【DeNA】尚成、引退「気持ちが動かない…」10・2巨人戦引退試合

2015年9月14日6時0分  スポーツ報知

 DeNAの高橋尚成投手(40)が現役引退することが13日、分かった。スポーツ報知の独占取材に応え「体は無理してもできると思う。でも、気持ちの方がついてこなくなった」とユニホームを脱ぐ決断を語った。近日中に引退会見を行う。巨人でエースとして活躍し、海を渡って大リーグで2ケタ勝利もマークした男が、通算16年のプロ生活に幕を引く。

 尚成は落ち着いた声で切り出した。引き際の決断―。その目に涙はなかった。

 「アメリカから戻ってきた去年から、引退はずっと考えてきた。ここにきて、気持ちの方が動かなくなった。体は無理をしてもできると思う。でも、気持ちの方がついてこなくなった。モチベーションが上がってこなくなった」

 大リーグから5年ぶりに日本球界に復帰した昨年から、常に引退の2文字が心にあった。DeNA1年目となった昨年は10試合に登板し、1勝もできず。今年は4月29日の広島戦(マツダ)で先発したものの、負け投手となり翌日に登録抹消。8月8日の阪神戦(横浜)で再登録された時には、中継ぎとして復帰した。

 「自分から球宴休みの時に球団に話をした。メジャーで4年間、中継ぎをやってきたし、先発にこだわりはない。チームのためになるのであれば、中継ぎをやらせてもらいたいと」

 だが、その登板の中で、気持ちの限界を感じる時を迎えた。8月14日の広島戦(マツダ)で1点ビハインドの6回、丸に3ランを浴びた。そして同16日には同カードで、4点ビハインドの8回に新井にソロを献上した。

 「2本とも、打たれた直後に悔しさを感じられなかった。その時『やめる時ってこういうものなのかな』という思いが湧いた。特に新井に打たれた時、マウンドで『これでダメだな』という感情がこみ上げてきた。納得して投げたストレートをいとも簡単に、しかも(駒大で同窓の)1つ年下に打たれたから。新井とは大学時代から仲が良かったし、そういうヤツに打たれて…なんていうんだろ…しょうがないな、と。心を決められた」

 悔いが残らないと言えばウソになる。日本球界復帰をDeNAに決めたのは、駒大の大先輩である中畑監督からの「お前が必要だ」という熱い言葉があったから。監督には12日、電話で引退を伝えた。

 「DeNAで1勝もできなかったことが、やっぱり一番悔いとして残る。中畑さんの力になりたかった」

 プロ16年、忘れられない試合は「ありすぎて分からない」。プロデビュー戦の00年4月6日の中日戦(ナゴヤD)は初先発初勝利。その年の日本シリーズ初登板、10月27日の敵地でのダイエー(現ソフトバンク)戦は2安打完封勝利。新人で初登板完封勝利は日本球界でただ一人の偉業で、巨人の日本一に貢献した。09年オフには、眠れないほど悩んでメジャー行きを決め、10年にメッツとマイナー契約。結果を残してメジャー開幕を果たした。
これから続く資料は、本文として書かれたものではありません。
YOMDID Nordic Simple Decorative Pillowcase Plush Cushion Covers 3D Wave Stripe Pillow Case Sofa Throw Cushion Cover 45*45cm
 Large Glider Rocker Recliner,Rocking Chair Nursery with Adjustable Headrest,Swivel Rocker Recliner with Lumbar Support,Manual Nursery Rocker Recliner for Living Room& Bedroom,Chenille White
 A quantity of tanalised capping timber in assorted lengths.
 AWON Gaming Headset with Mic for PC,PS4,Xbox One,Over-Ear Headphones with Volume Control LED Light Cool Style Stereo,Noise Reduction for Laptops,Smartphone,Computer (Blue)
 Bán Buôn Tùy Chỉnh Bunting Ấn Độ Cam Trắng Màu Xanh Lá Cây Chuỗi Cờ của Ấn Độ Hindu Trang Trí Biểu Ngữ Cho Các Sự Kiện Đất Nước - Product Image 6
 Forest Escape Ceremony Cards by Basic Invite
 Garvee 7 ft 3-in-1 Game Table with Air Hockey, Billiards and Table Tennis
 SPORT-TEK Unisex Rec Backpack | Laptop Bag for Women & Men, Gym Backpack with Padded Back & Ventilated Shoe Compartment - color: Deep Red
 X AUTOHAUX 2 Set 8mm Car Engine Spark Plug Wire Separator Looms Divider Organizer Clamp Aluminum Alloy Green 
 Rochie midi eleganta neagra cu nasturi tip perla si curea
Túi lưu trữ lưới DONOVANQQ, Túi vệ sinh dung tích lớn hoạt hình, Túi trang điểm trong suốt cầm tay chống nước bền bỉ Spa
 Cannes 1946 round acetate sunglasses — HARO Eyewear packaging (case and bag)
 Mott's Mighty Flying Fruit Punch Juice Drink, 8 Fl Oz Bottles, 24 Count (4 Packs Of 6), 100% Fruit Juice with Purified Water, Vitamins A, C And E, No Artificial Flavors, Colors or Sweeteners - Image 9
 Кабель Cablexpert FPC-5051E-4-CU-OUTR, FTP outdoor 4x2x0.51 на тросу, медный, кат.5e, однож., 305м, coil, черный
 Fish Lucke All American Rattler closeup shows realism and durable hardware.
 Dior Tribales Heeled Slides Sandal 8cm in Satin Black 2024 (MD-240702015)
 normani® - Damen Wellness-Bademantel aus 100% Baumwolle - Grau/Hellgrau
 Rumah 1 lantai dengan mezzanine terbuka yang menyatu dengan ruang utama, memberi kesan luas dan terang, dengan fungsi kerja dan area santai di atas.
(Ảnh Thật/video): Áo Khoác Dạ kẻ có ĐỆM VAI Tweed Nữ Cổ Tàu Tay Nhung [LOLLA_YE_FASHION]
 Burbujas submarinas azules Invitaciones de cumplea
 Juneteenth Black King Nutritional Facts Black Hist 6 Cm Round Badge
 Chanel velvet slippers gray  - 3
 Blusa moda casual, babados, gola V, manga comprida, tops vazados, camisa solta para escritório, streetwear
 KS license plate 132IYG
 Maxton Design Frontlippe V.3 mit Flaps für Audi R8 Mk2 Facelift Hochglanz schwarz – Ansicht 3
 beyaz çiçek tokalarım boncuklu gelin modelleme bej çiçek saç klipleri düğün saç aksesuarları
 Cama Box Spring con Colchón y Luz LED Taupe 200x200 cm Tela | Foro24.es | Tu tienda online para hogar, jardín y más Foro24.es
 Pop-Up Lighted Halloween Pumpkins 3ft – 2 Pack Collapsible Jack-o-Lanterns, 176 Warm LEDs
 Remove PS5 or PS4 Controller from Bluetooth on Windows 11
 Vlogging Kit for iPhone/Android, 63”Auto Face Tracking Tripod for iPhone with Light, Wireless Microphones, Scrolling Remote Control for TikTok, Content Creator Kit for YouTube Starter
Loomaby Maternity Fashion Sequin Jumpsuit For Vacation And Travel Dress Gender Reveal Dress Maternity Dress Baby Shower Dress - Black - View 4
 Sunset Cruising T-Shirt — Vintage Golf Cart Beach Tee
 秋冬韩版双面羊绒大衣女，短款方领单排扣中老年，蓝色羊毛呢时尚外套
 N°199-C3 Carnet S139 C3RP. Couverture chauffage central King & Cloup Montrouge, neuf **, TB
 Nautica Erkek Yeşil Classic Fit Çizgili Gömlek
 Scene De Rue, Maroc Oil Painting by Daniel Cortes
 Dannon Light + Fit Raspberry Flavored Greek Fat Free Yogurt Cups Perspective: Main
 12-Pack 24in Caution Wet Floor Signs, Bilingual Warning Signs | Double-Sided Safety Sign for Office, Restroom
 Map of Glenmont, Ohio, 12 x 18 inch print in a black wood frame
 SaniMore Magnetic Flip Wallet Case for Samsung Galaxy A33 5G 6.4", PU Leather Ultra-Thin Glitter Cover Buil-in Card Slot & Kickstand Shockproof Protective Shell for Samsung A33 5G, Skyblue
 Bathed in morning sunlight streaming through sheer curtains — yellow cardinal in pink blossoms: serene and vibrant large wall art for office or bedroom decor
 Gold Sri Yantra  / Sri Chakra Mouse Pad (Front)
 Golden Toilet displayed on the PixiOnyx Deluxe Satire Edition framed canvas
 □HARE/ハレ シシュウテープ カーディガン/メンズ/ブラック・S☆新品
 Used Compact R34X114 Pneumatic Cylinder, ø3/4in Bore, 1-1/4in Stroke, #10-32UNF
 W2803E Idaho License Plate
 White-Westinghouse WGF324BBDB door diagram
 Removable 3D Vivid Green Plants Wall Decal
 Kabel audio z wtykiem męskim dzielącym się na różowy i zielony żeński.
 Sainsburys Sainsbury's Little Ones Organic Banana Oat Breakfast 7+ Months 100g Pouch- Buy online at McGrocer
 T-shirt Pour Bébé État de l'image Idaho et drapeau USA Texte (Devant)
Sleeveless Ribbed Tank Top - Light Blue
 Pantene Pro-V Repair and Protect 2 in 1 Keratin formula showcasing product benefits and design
4月7日、本拠でのマーリンズ戦に同点の延長10回に登板して、2安打1失点を喫し負け投手となった。

 「35歳で上がったメジャー初マウンドで、自分の野球人生で初めて足がガクガクしたのを覚えている。プロ選手として特に大きい体もなく、どうやって生きていこうかと思う中、体を酷使し、頭も使ってきた。それが形になったから、メジャーでもできたんだと思う」

 周囲からは「まだやれるのでは?」の声も上がる。そんな中、尚成の頭には尊敬する松井秀喜さんの姿が浮かんでいた。

 「やり切った、という思いはある。ただ、ヘロヘロな球で引退したくない。(12年で引退した)松井さんも、まだまだできると言われてた。ああいう形もあるんだな、と思ったし、かっこいいなと思った。僕も松井さんみたいに、と。そこまでかっこよくはないけど」

 近日中に会見を行い、引退を表明する。球団は、最終戦となる10月2日の本拠での巨人戦を引退試合として用意するつもりだ。40歳左腕が、自分流に「楽しんだ野球」を完結する。

 ◆高橋 尚成(たかはし・ひさのり)1975年4月2日、東京都生まれ。40歳。修徳高から駒大―東芝を経て、99年ドラフト1位で巨人入団。07年には最優秀防御率(2.75)を獲得した。09年オフにFA宣言し、10年2月にメッツとマイナー契約し、開幕メジャー。13年オフにDeNAと2年契約し、5年ぶりに日本球界へ復帰した。通算成績は260試合で79勝73敗15セーブ、防御率3.79。メジャー通算は168試合で14勝12敗10セーブ、防御率3.99。177センチ、80キロ。左投左打。既婚。年俸6000万円。